Mohammed blocked 4 shots tonight. The last time he did that, was January of 2003, against Portland.

It’s shocking to see Andy Pettitte in another uniform. The Astros/Giants game on ESPN2 was infinitately more enjoyable than another one of those New York Met commercials. I almost expect them to be fully endorsed by George Bush.

Vin Baker has just lost it. He’s fouled Jermaine O’Neal 4 times in a row, and if that wasn’t showing his frustration enough, he’s earned a technical foul for arguing as well.

The Knick announcers, with a 19 point lead and 9 mintues left, were discussing since the Knicks have a home game tomorrow, Lenny Wilkens will have to decide when to give up on tonight’s game, and save the player’s energy for tomorrow.

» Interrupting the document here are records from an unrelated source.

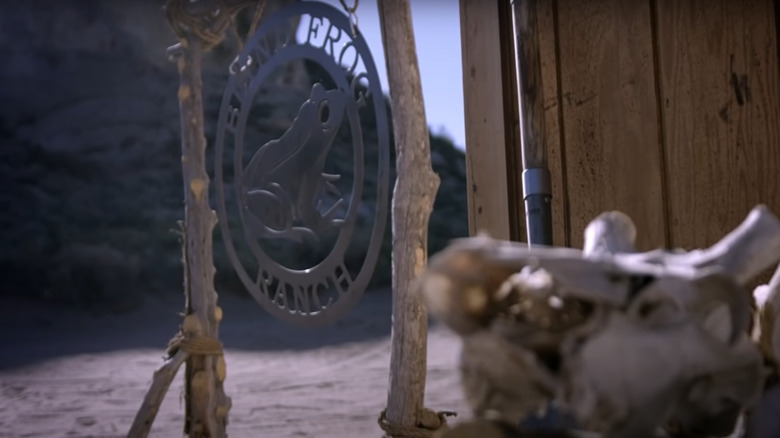 Blind Frog Ranch sign hangs desert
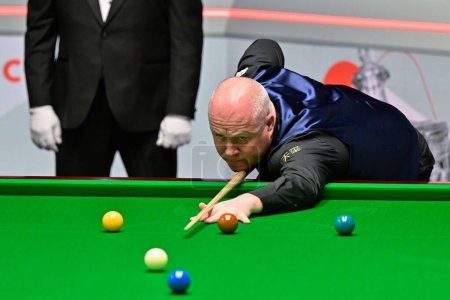 Photo for John Higgins takes a shot, during the Cazoo World Championships 2024 at Crucible Theatre, Sheffield, United Kingdom, 28th April 202 - Royalty Free Image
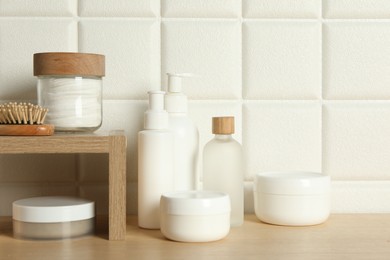 Photo of Different bath accessories and personal care products on wooden table near white tiled wall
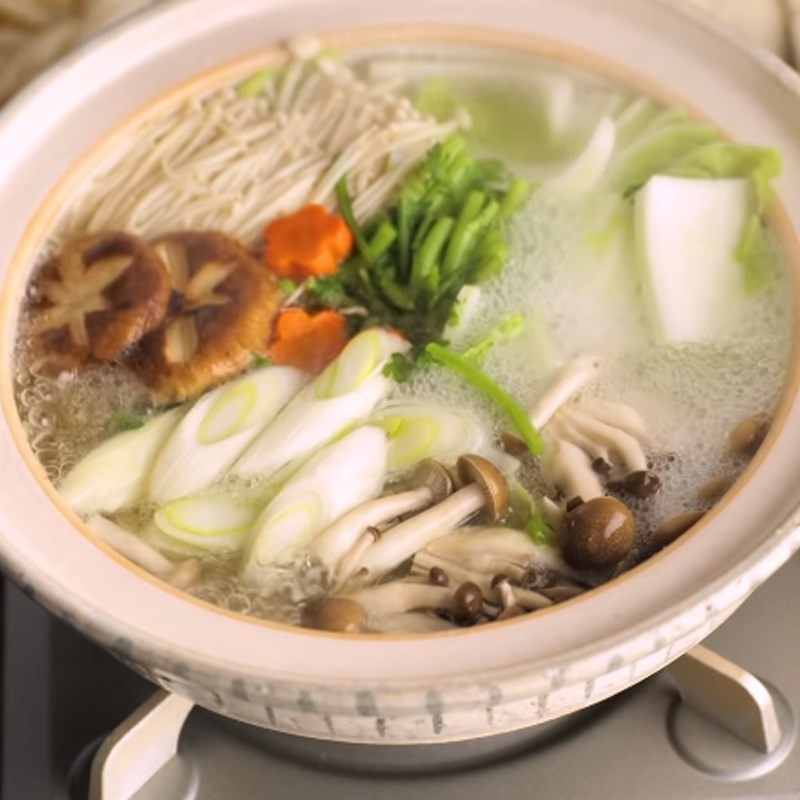 Thực khách đang nhúng từng lát thịt bò vào nồi lẩu shabu shabu sôi sùng sục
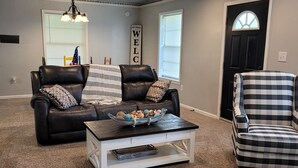 A living room with a black leather couch, a white coffee table, and a plaid armchair. A 'WELCOME' sign is on the wall, and there is a window with blinds.
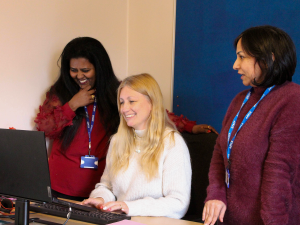 Welsh Refugee Council team smiling and working together at a laptop.
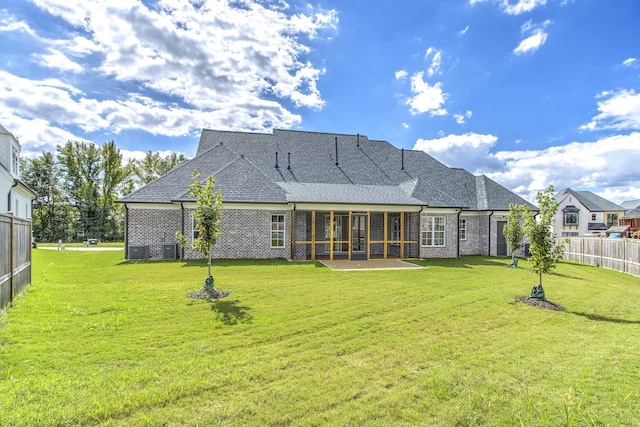 rear view of property with a patio, a lawn, and a sunroom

Well if Lenny had the “game state matrix”, he would know that the Knick’s chance of winning on the road at that time, was less than 2%.

Disappointed

Disappointed a few people
When friendship reared its ugly head
Disappointed a few people
Well, isn’t that what friends are for?
What are friends for?

— “Disappointed”
P.I.L.

There’s nothing like a loss to bring out the worst in fans. Lurking around the message boards, you’ll see some posts titled: Knicks are the WORST defensive team in the League, New York Quitters, and FIRE LENNY WILKENS. Ouch!

The Knicks have been a lottery team the past two seasons, but this year we’ve all but locked down a playoff spot. No we’re probably not a threat to take the East, and we’re nowhere near a championship level team. Most likely a first round exit is in order. However isn’t this better than Knick fans expected at the beginning of the year? Expectations were much lower when Scott Layden was at the helm.

Isaiah Thomas has done a respectable job with the mess he inherited. I won’t pretend that I liked every move, or that he is maximizing the team’s strengths. I’m happy that he’s brought in at least one top tier player in Marbury. I don’t mean “top tier” as in McGrady, Duncan, Garnett, or Shaq, but it’s unmistakable that Marbury is one of the best PGs in the league. The Knicks haven’t had anything close to that since #33 roamed the Garden floor.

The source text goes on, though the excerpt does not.